There was other danger to be found in Nicaragua. Our two bodyguards had to show their weapons one night when we were at a park taking pictures of a sunset. They told us some hooligans had eyes for our camera equipment. The hooligans could have had the camera equipment for all I cared. Just give us back the little digital chip so we could edit our story. But by then, the security guards had pulled out their bull penises.
Editor’s note: Kenny Mayne embarks on another journey across the world. His first of six stops: Amsterdam. And let’s just say, Kenny had the run of the country.
Usually we have a pretty good idea about which country we are flying to. Are you not supposed to end sentences with "to?" I really don't care. I am more concerned about whether it is called Holland or the Netherlands. One girl told us Holland is part of the Netherlands. This made sense because we saw a map that had Holland and South Holland inside of borders that said Netherlands. Other people told us we could say Holland or we could say Netherlands and everyone would know we were talking about the same country. At one point, Denmark entered the conversation. That was when we asked someone about our problem after he had just exited one of the legal marijuana cafes.
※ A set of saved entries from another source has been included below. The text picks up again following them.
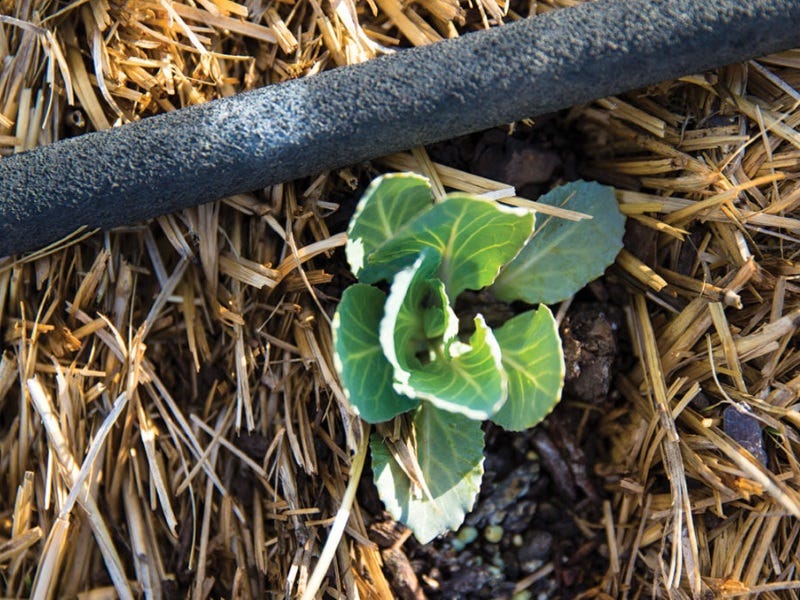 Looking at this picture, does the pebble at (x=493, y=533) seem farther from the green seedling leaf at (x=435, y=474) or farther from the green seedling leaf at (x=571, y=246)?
the green seedling leaf at (x=571, y=246)

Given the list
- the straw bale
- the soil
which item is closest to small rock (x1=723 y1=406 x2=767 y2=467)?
the straw bale

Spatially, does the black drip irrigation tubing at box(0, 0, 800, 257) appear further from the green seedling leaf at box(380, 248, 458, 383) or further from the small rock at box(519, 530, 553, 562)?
the small rock at box(519, 530, 553, 562)

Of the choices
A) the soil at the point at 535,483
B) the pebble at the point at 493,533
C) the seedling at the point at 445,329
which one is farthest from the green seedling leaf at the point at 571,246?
the pebble at the point at 493,533

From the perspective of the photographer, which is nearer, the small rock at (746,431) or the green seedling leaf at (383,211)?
the green seedling leaf at (383,211)

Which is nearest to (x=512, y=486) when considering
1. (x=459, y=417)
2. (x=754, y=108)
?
→ (x=459, y=417)

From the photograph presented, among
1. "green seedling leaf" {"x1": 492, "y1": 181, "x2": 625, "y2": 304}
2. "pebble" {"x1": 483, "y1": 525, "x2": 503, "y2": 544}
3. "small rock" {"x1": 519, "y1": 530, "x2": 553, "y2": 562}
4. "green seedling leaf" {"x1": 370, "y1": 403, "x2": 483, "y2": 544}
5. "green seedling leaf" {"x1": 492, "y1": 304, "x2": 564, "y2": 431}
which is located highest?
"green seedling leaf" {"x1": 492, "y1": 181, "x2": 625, "y2": 304}

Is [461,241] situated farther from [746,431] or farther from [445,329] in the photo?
[746,431]

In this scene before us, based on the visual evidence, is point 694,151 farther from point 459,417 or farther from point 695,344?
point 459,417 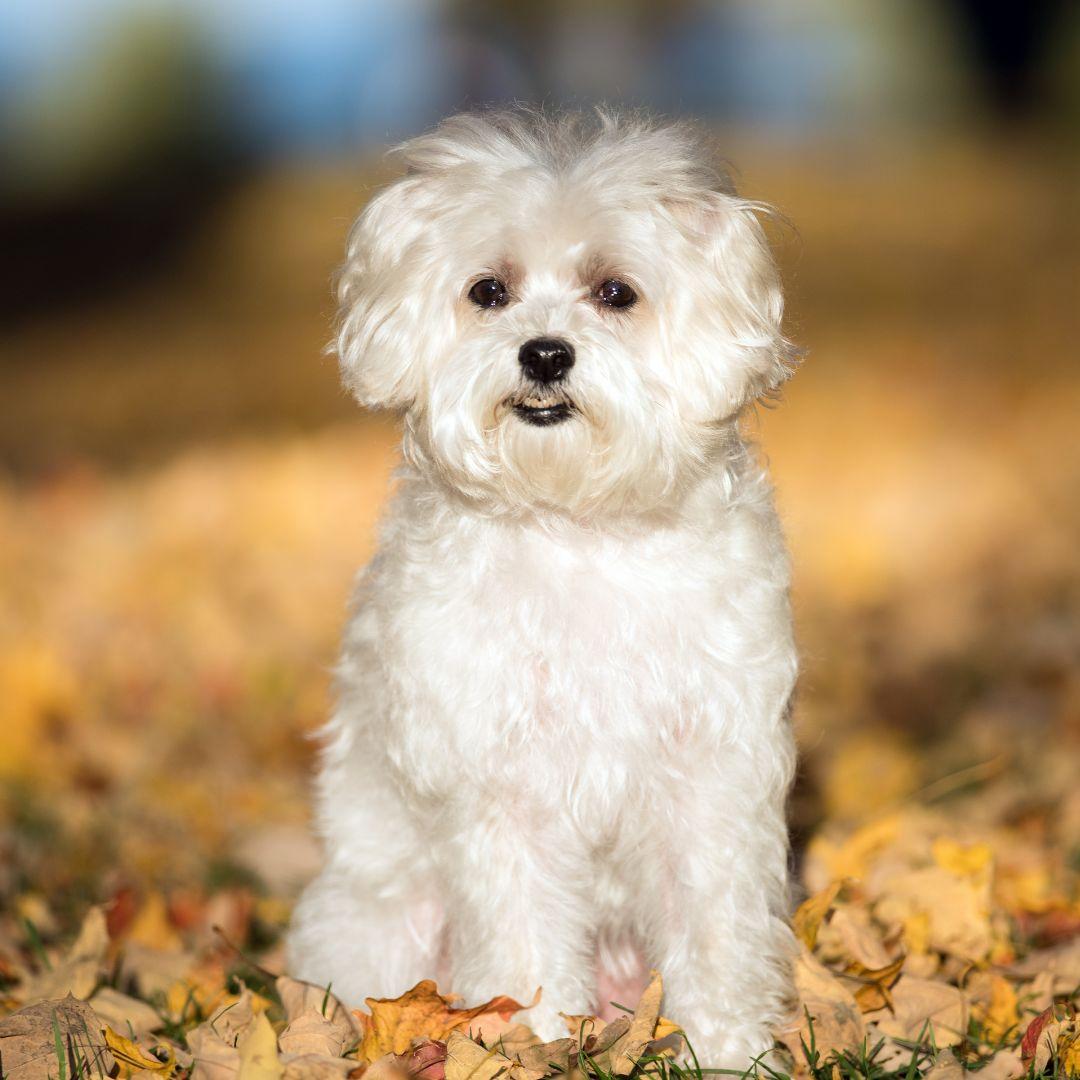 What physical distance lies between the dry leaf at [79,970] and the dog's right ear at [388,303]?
1432 mm

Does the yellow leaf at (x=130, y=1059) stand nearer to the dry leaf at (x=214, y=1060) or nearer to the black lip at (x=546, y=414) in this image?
the dry leaf at (x=214, y=1060)

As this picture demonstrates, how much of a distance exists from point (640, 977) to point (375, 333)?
1.59 metres

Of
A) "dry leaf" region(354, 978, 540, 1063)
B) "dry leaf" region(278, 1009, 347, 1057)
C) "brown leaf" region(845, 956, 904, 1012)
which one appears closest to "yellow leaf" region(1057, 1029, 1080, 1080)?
"brown leaf" region(845, 956, 904, 1012)

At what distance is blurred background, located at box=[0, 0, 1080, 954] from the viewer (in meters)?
4.77

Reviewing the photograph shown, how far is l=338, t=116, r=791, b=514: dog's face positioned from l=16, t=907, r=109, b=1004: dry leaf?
1393 mm

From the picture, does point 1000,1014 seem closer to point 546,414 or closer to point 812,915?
point 812,915

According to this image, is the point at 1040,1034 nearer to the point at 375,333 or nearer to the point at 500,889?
the point at 500,889

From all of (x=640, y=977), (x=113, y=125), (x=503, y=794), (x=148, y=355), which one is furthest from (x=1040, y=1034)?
(x=113, y=125)

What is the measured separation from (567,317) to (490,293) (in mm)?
213

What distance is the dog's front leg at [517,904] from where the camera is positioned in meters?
2.92

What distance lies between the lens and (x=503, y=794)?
291 centimetres

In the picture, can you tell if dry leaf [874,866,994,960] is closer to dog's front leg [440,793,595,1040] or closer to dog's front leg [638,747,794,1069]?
dog's front leg [638,747,794,1069]

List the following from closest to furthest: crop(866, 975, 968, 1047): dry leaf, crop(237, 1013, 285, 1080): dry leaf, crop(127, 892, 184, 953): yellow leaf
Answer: crop(237, 1013, 285, 1080): dry leaf
crop(866, 975, 968, 1047): dry leaf
crop(127, 892, 184, 953): yellow leaf

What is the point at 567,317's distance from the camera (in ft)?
9.32
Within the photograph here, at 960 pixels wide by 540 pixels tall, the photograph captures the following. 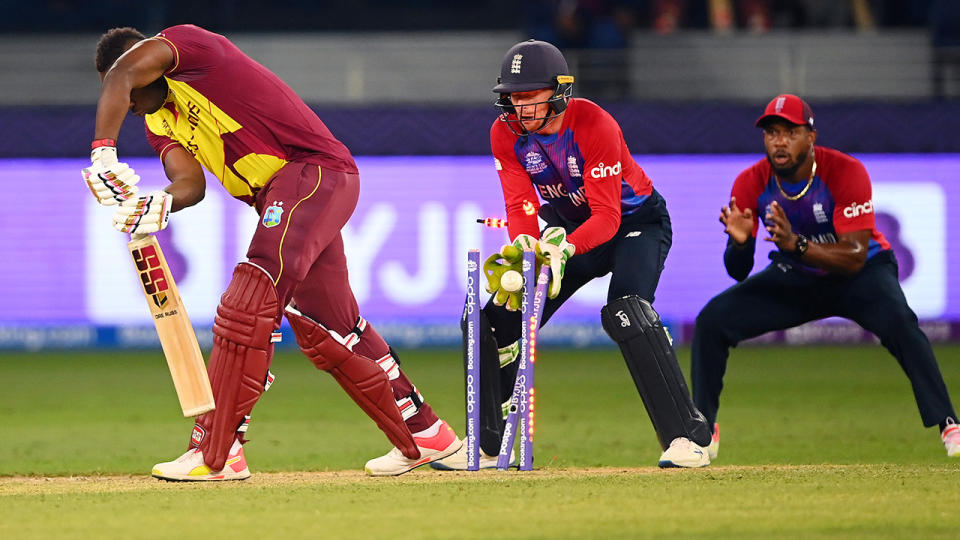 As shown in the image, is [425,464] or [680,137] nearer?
[425,464]

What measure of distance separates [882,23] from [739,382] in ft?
24.6

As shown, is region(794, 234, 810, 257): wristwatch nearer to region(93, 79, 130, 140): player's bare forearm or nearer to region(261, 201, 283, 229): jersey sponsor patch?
region(261, 201, 283, 229): jersey sponsor patch

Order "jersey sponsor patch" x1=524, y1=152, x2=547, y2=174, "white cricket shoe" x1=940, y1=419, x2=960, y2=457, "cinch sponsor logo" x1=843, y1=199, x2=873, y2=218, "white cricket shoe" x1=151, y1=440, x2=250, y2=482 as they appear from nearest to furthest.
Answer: "white cricket shoe" x1=151, y1=440, x2=250, y2=482
"jersey sponsor patch" x1=524, y1=152, x2=547, y2=174
"white cricket shoe" x1=940, y1=419, x2=960, y2=457
"cinch sponsor logo" x1=843, y1=199, x2=873, y2=218

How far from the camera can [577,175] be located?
6027mm

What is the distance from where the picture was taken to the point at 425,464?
20.7 feet

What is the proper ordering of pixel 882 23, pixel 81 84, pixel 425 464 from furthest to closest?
pixel 882 23 < pixel 81 84 < pixel 425 464

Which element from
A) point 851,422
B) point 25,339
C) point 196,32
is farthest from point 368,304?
point 196,32

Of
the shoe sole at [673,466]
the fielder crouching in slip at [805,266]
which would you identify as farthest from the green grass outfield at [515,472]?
the fielder crouching in slip at [805,266]

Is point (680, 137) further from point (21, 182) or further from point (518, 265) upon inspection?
point (518, 265)

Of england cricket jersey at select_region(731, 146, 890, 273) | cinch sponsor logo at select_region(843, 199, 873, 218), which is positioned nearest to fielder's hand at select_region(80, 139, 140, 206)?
england cricket jersey at select_region(731, 146, 890, 273)

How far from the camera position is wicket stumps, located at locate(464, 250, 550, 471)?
572 centimetres

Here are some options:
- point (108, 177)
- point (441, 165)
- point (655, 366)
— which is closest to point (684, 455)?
point (655, 366)

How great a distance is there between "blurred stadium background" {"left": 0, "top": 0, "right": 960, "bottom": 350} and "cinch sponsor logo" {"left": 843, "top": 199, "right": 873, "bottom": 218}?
271 inches

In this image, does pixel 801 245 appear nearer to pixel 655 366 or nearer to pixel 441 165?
pixel 655 366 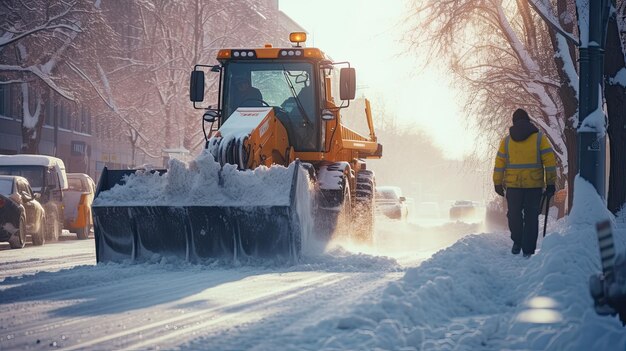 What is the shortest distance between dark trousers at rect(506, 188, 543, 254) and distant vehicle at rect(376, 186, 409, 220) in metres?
19.4

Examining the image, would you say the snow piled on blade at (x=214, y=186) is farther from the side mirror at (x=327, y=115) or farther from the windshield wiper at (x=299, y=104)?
the windshield wiper at (x=299, y=104)

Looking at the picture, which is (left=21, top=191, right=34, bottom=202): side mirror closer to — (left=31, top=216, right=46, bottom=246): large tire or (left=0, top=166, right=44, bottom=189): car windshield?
(left=31, top=216, right=46, bottom=246): large tire

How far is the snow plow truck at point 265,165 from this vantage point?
1164 centimetres

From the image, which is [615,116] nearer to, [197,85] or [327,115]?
[327,115]

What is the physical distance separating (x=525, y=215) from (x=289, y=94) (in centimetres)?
456

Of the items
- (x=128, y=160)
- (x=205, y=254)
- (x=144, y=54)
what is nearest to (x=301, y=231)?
(x=205, y=254)

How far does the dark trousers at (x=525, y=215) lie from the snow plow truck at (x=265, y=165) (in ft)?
8.62

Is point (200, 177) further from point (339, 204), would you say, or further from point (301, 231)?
point (339, 204)

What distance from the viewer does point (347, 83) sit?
13.5 metres

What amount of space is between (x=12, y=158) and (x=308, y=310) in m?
19.5

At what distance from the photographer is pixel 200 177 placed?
38.8 feet

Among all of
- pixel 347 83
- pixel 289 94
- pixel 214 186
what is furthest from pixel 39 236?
pixel 214 186

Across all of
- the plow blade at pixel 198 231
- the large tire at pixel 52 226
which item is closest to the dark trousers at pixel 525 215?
the plow blade at pixel 198 231

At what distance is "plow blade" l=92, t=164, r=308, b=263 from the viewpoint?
11.5 m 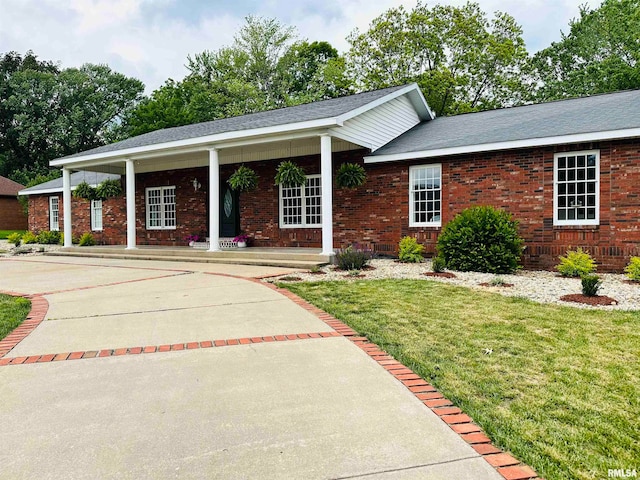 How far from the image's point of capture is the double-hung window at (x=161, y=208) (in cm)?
1742

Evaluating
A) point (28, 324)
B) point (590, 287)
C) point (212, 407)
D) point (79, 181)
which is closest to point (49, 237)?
point (79, 181)

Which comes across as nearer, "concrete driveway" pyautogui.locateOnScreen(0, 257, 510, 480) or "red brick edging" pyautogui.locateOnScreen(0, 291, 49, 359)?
"concrete driveway" pyautogui.locateOnScreen(0, 257, 510, 480)

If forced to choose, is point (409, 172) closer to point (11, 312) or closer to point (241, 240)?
point (241, 240)

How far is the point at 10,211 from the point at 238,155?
25.5m

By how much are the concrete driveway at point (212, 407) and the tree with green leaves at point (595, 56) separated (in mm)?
28717

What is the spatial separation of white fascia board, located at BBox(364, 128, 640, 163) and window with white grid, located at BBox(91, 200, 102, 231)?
43.3ft

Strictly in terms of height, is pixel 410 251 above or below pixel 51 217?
below

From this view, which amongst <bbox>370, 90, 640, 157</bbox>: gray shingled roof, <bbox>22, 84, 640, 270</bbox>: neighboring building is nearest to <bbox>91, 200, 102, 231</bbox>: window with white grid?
<bbox>22, 84, 640, 270</bbox>: neighboring building

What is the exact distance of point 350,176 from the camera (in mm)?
12016

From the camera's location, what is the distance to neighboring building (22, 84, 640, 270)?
963cm

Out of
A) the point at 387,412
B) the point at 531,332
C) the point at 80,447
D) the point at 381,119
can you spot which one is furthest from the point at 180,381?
the point at 381,119

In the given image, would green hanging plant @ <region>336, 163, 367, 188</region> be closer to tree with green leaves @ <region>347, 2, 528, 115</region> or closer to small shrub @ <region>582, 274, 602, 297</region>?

Something else we saw seemed entirely illegal. Every last person we saw riding a bike, except for one 6-month-old, was not wearing a helmet. When we asked why they don't wear helmets, they told us we were soft. I did dumber things on bikes as a kid, but now that I'm all mature and everything I think people should wear helmets on bikes -- especially when there are a million bikes driving all at once on Amsterdam's streets. There were almost as many bikes as there were canals. Thinking of all this and not understanding the lane markings almost made my producer, Matt Doyle, run over a bicyclist at a crossing. Matt was supposed to yield. How do they expect Matt to concentrate on all that when he's also looking for a legal marijuana cafe in order to ask someone else what country we are in?
We took a break from all this chaos and walked the streets one night in Amsterdam's Red Light District. Pretty much anything goes in Amsterdam. Ride bikes with no helmets, buy legal marijuana at cafes and look through plate glass windows at legal prostitutes sitting on lounge chairs. Of the three options, the only one we took part in was riding a bike without a helmet -- and that was only because we didn't want to be called soft and because no one sells bike helmets.
We needed to get the hell out of this anything-goes town and start to work on our real assignment, covering the sport of canal jumping.
Nothing unusual about that. Just a man running full bore down a long-jump-looking runway, leaping onto a pole stuck in the bottom of a canal, climbing 40 feet to the top and jumping off the other side.
This is probably illegal in Amsterdam since something has to be.
Probably murder. There's got to be a law against that.
While covering canal jumping, we forgot to put on sunscreen, and it turns out those global-warming people are starting to hit on something. The sun seemed to be closer to earth than the moon, which didn't appear in the sky because the sun had vaporized it.
The sun burned us beyond recognition. This is probably why we didn't recognize each other on the drive back to Amsterdam. Whatever country that lawless place is in.